*TASK REQUIREMENTS*. I would like the lines below, from the one with "EN IMÁGENES: El" through the one with "Artikelvorschau, Ich habe", copied exactly and without any pictures.

*STORED DATA*.

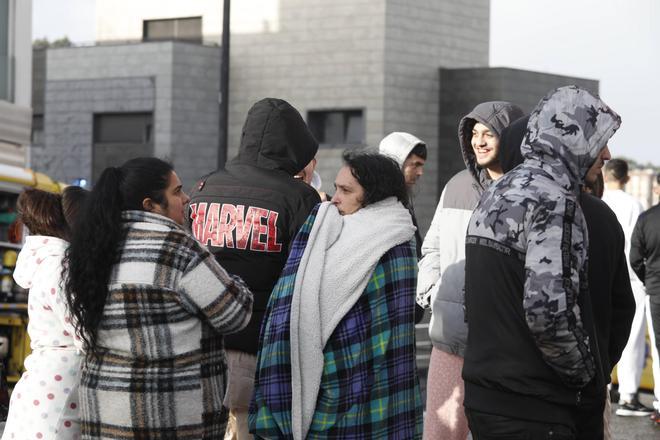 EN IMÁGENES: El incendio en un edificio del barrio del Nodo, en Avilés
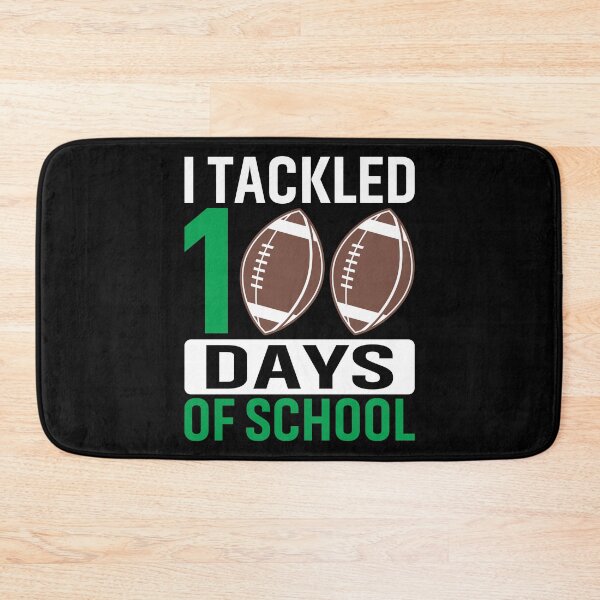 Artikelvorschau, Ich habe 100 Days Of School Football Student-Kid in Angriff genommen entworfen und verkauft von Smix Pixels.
* * *
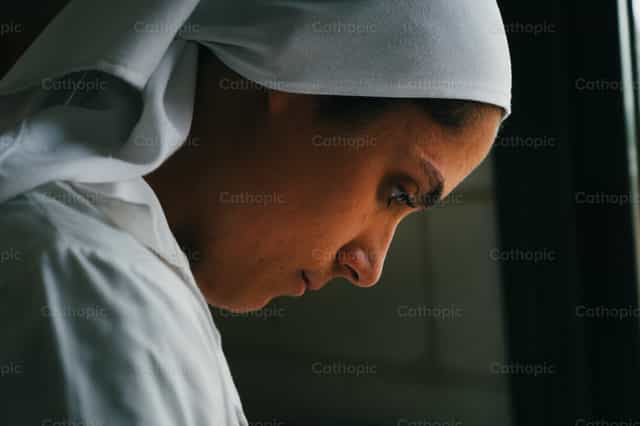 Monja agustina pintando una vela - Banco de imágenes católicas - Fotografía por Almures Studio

*SOLUTION TO THE PROBLEM*.
 EN IMÁGENES: El incendio en un edificio del barrio del Nodo, en Avilés
 Artikelvorschau, Ich habe 100 Days Of School Football Student-Kid in Angriff genommen entworfen und verkauft von Smix Pixels.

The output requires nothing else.